Declining aerosols in RCP4.5
Assessing the effects of declining aerosols in RCP4.5
All the Representative Concentration Pathways (RCPs) include declining aerosol emissions during the 21st century, but the effects of these declines on climate projections have had little attention.
We compare two projections for 2006−2100 using the CSIRO-Mk3.6 model. One (RCP45) follows the usual RCP4.5; the other (RCP45A2005) has identical forcing, except that anthropogenic aerosols are fixed at 2005 levels. The global-mean surface warming in RCP45 is 2.3°C per 95 years, of which almost half (1.1°C) is caused by declining aerosols. The warming due to declining aerosols is almost twice as strong in the Northern Hemisphere (NH) as in the Southern Hemisphere (SH). This warming contrast alters the Hadley circulation, with a trend of increasing ascent (subsidence) in the NH (SH).
For precipitation changes, the effects of declining aerosols are larger than those of increasing greenhouse gases due to decreasing atmospheric absorption by black carbon: 63% of the projected global-mean precipitation increase of 0.16 mm per day is caused by declining aerosols.

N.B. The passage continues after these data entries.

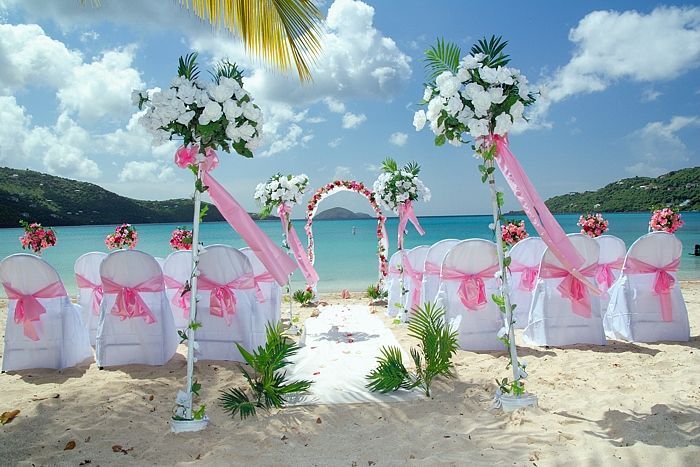 Красивое оформление пляжей на свадьбу (28 фото)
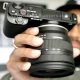 Sony kabarnya akan kembali meramaikan pasar kamera vlogging dengan meluncurkan Sony ZV-E10.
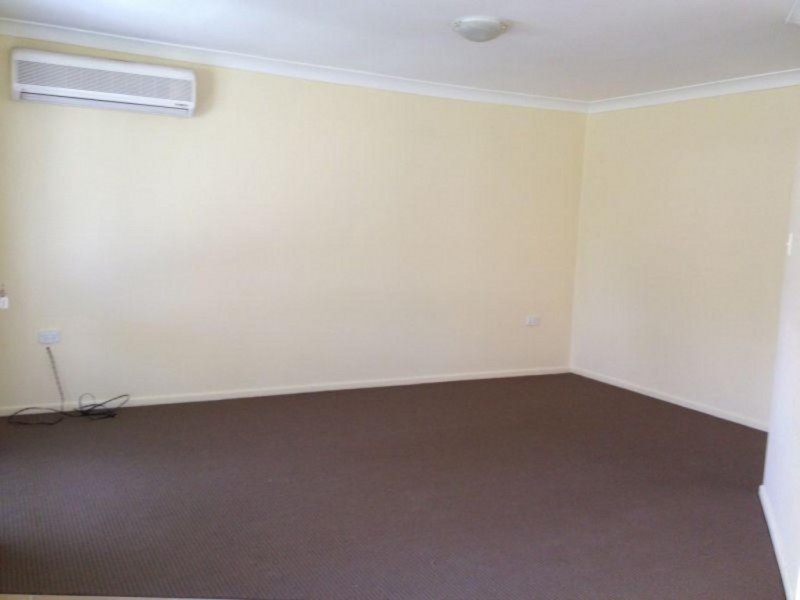 19 Patricia Street, Strathpine QLD 4500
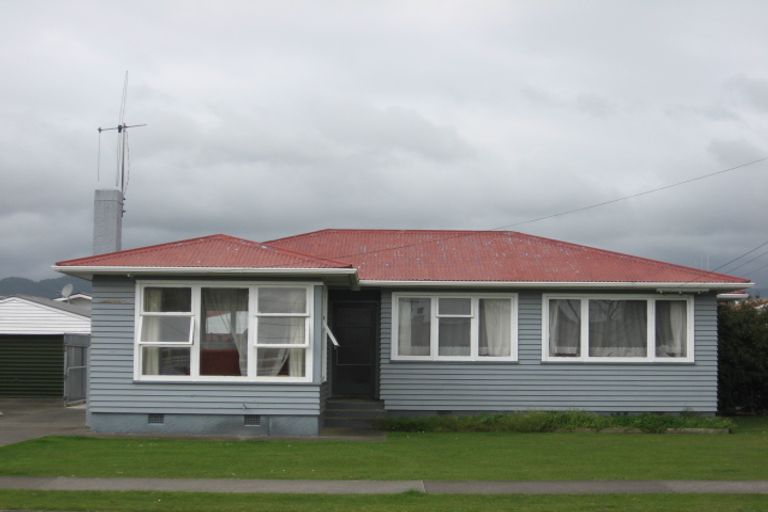 Photo of property in 8 Winchester Street, Levin, 5510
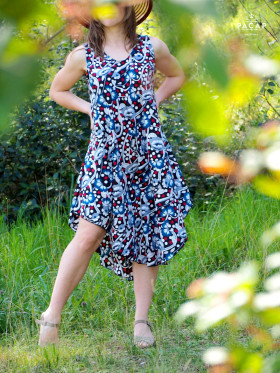 Robe colorée d'été, robe fluide, robe imprimé floral, robe décolleté, robe ajustable, robe bretelles larges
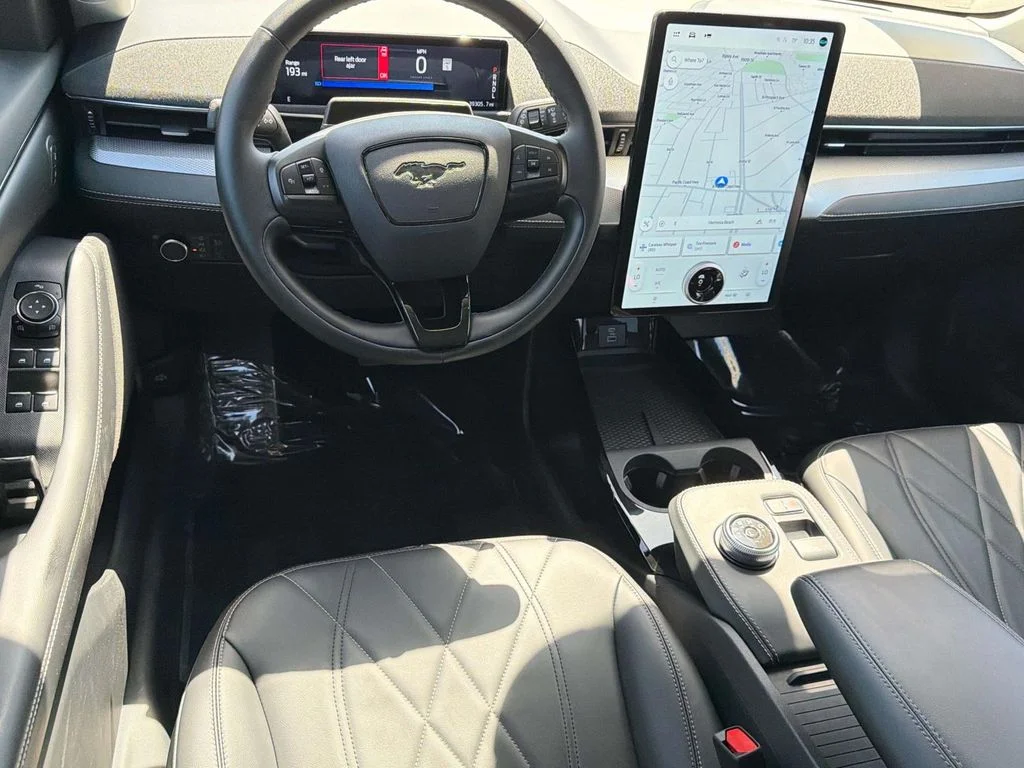 Used 2023 Space White Metallic Ford Select image 11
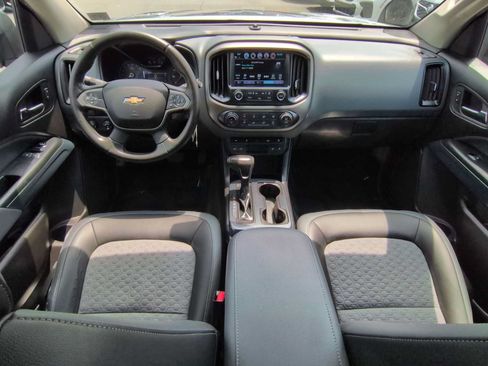 Used 2018 Chevrolet Colorado Z71 AWD/4WD image 16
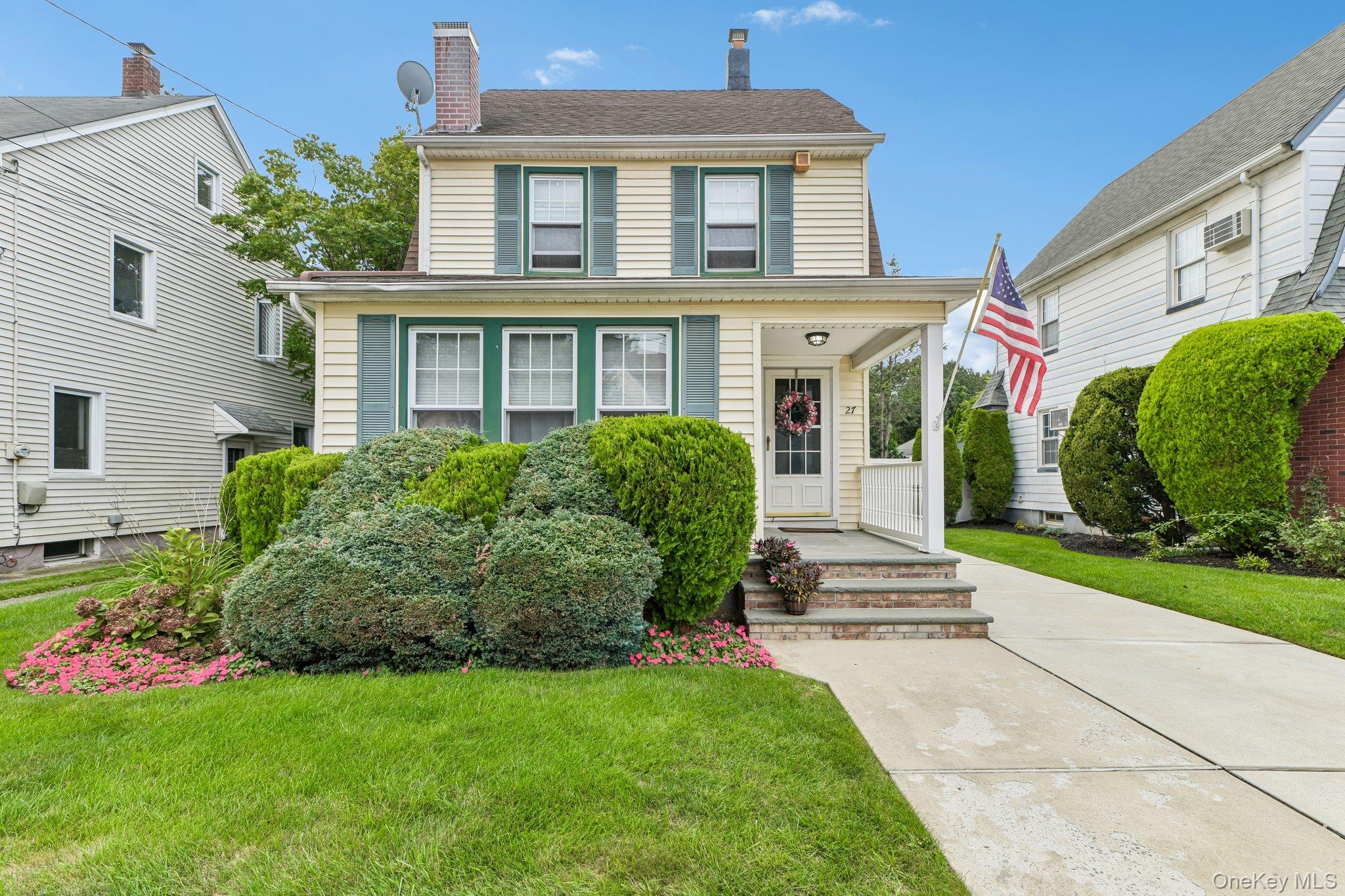 27 Juniper Avenue, Mineola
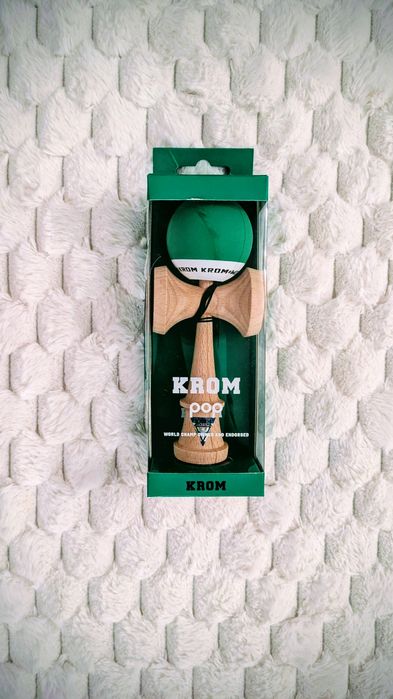 Kendama Krom Pop Sticky/Rubber, diverse culori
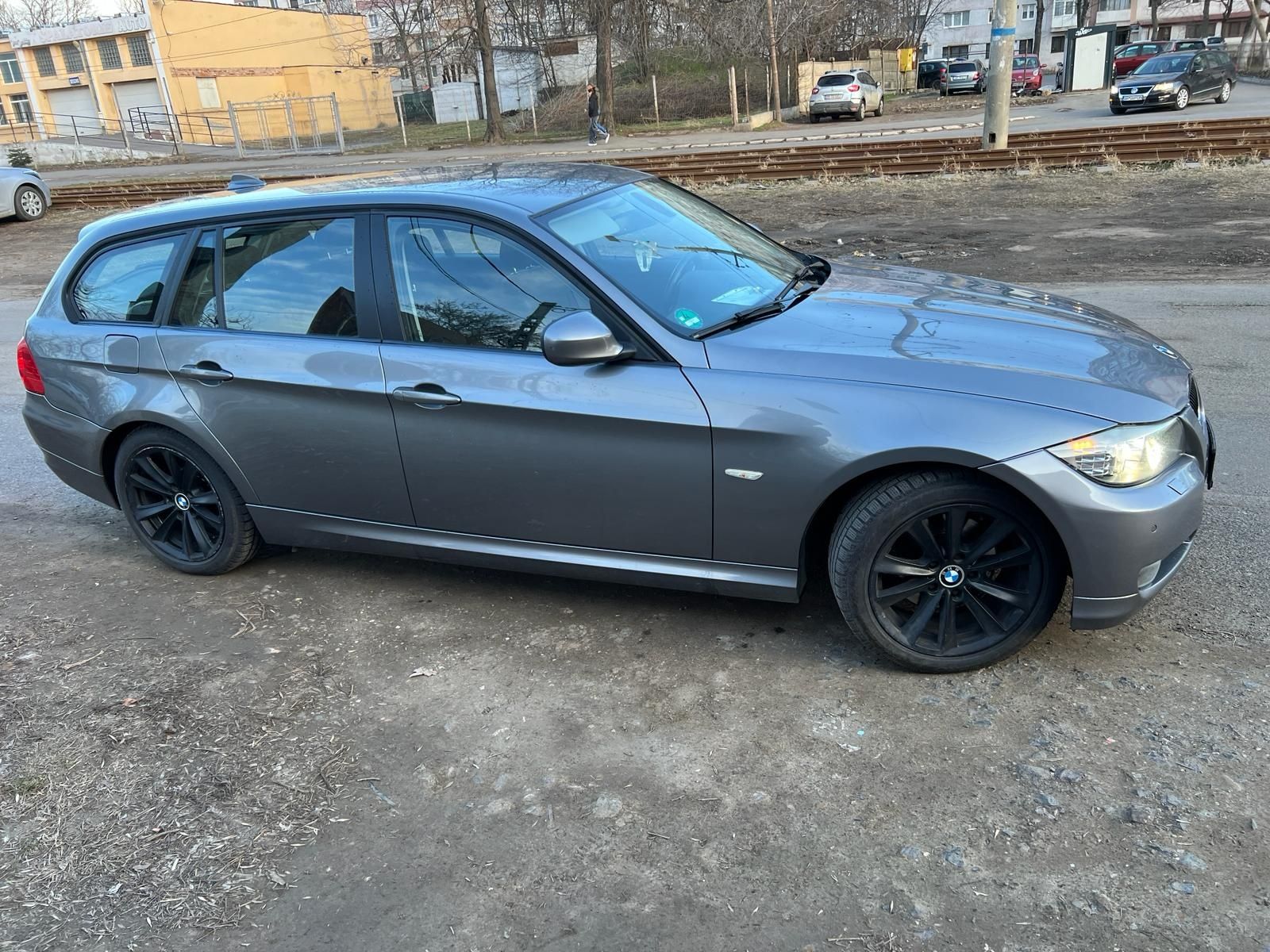 BMW 320 D 184 cai An 2011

The global-mean aerosol effective radiative forcing (ERF, including indirect effects) in CSIRO-Mk3.6 is −1.4 W m−2 in 2000 relative to 1850. This is stronger than the average of other CMIP5 models, which raises the question of whether the effects of declining aerosols are also substantial in other models.
Comparing 13 CMIP5 models, we find a correlation of −0.54 (significant at 5%) between aerosol ERF in 2000 and projected global-mean surface warming in RCP4.5; thus, models that have more negative aerosol ERF in the present climate tend to project stronger warming during 2006−2100.
These results suggest that aerosol forcing substantially modulates projected climate response in RCP4.5. Further, single-forcing simulations, which are most often used for detection and attribution of historical climate change, can be a valuable tool for understanding climate projections.